Coluna A Tarde: O condomínio Solaris

por Samuel Celestino

Coluna A Tarde: O condomínio Solaris
Foto: Divulgação
A Operação Lava Jato focou suas investigações num condomínio em Guarujá, o Solaris, onde havia desconfiança de que a família do ex-presidente Lula era, ou é, possuidora de um apartamento tríplex. Não é fato novo. Já havia muitas especulações sobre tal condomínio envolvendo a mulher de Lula, Marisa Letícia, e os filhos do casal, também recaindo suspeitas sobre eles. A explosão do caso atraiu todas as atenções da mídia sobre o fundador do PT.

Volta e meia o círculo fecha sobre seus familiares, principalmente sobre os filhos. O próprio Lula respondia pessoalmente às acusações que lhe eram feitas, mas desta vez se valeu de um advogado porque não teria mesmo que ser sua a missão explicativa. A Lava Jato deve ter informações sólidas sobre o caso, é o que se imagina. Não é improvável que chegue ao ex-presidente. Seus dois períodos de comando da república foram marcados por sérios problemas entre os quais o “Mensalão”, que complicou o seu primeiro mandato. Dá-se conta de que a Polícia Federal tem em foco uma suspeita “de alto grau de titularidade dos imóveis”, o que parece possível.

As complicações para Lula pioraram na última sexta-feira quando, pela primeira vez, foram intimados ele e sua mulher para deporem no Ministério Público na “condição de investigados”, o que é muito diferente de “convidados”. Como a OAS aparece como proprietária do condomínio Solaris, o dono da empresa, Léo Pinheiro, assim como o engenheiro que teria reformado o tríplex, Igor Pontes, de igual modo foram intimados. Piorou ainda quando o promotor declarou que pretende oferecer denúncia à justiça contra Lula.

Observa-se que a cada manobra das investigações da operação centralizada no Paraná  a situação piora para o ex-presidente e para o próprio PT. A legenda já imagina realizar, no final de fevereiro, nos dias 26 ou 27, época do aniversário do partido, um ato de apoio e desagravo a Lula.
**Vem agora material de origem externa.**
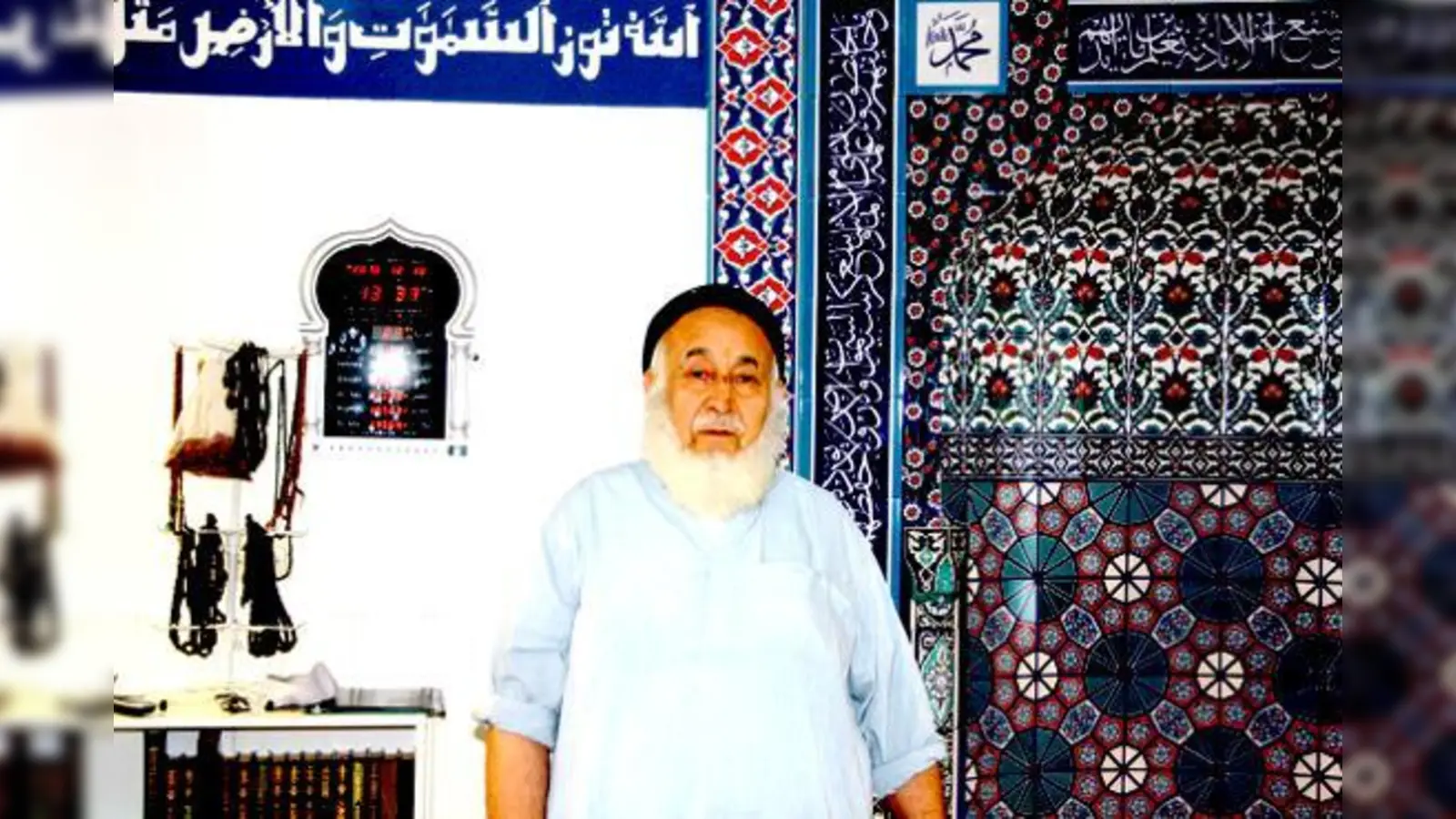 Ulah Harbib, der seit 30 Jahren in Deutschland lebt, kommt jeden Tag ins Islamische Zentrum. Hier steht er vor der Gebetsnische, dem Mihrab.	 (Foto: js)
As dificuldades do partido estão espraiadas. São numerosas. Não é apenas a complicada situação de Luiz Inácio, mas de maneira geral, os problemas que o Partido dos Trabalhadores enfrenta numa fase difícil que coloca em xeque o governo Dilma, envolvendo-o numa crise sem precedentes em relação à política e à economia do país.
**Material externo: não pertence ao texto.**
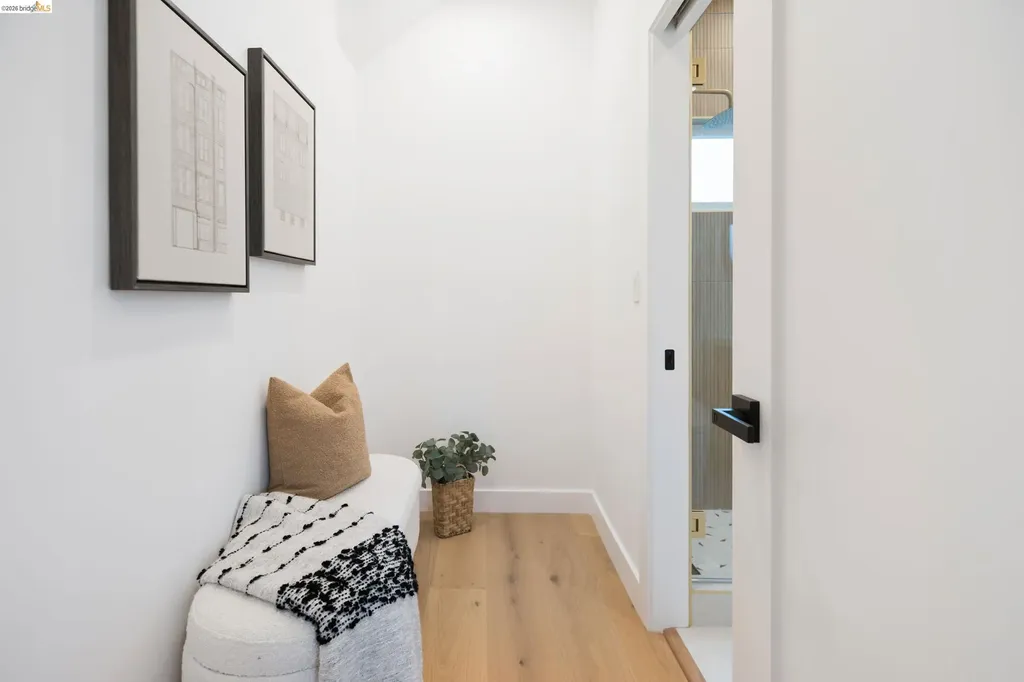2516 Calhoun Street Alameda CA 94501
O que mais parece é que o país caminha para o imponderável. Não há quaisquer sinais de melhora embora nesta semana que se findou a presidente resolveu reunir – o que não acontecia desde 2014 – o Conselho de Desenvolvimento Econômico e Social para discutir uma tentativa de reviravolta, principalmente com o uso dos bancos oficias para injetar 83 bilhões de reais em crédito diversificado em setores da economia que está completamente sufocada.
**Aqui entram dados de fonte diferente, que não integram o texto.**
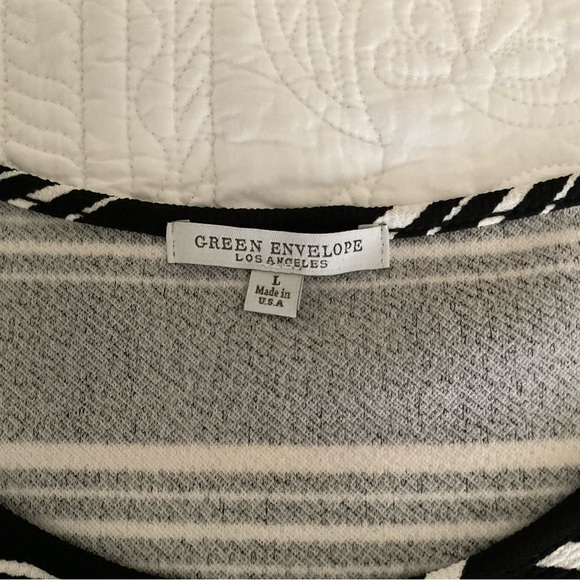 GREEN ENVELOPE, BLACK AND WHITE STRIPED BLOUSE,SIZE: L - Picture 9 of 10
Pode ser que, a partir desta medida, haja uma melhora favorecendo o país de maneira geral. Por estar envolvida com a questão do impeachment, a presidente demorou demasiadamente para reunir o “Conselhão” e adotar providências de sorte a minorar a situação econômica. Espera-se que as suas decisões tenham respostas positivas, na medida em que perdeu todo o ano passado preocupada com a sua própria crise que estava centrada dentro do Palácio do Planalto.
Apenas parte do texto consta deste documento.